─── SOURCE DATA

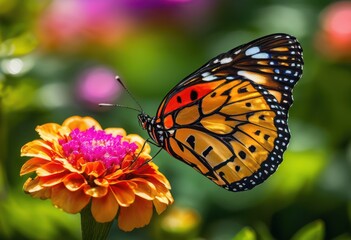 Obraz premium close colorful butterfly resting vibrant flower petals lush garden setting, wings, pollinator, nature, micro, macro, bloom, flora, insect, detail, bright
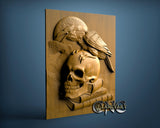 Skull & Crow, 3D STL Model 15464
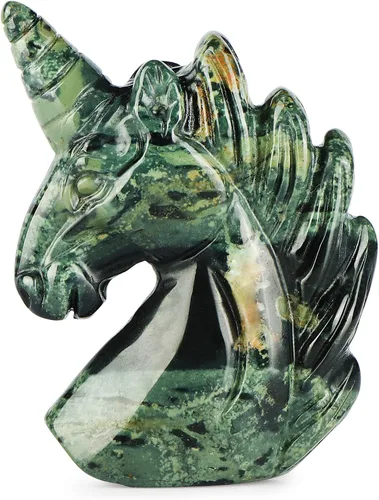 Miniatura 13 de Artistone Estatua de unicornio de cristal de amatista de 3 pulgadas, piedra preciosa tallada a mano, piedra de caballo de unicornio morado, figuras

──────

→ **EXERCISE**: Reproduce the listing verbatim, pictures excluded.

→ **YOUR RESPONSE**:
 Obraz premium close colorful butterfly resting vibrant flower petals lush garden setting, wings, pollinator, nature, micro, macro, bloom, flora, insect, detail, bright
 Skull & Crow, 3D STL Model 15464
 Miniatura 13 de Artistone Estatua de unicornio de cristal de amatista de 3 pulgadas, piedra preciosa tallada a mano, piedra de caballo de unicornio morado, figuras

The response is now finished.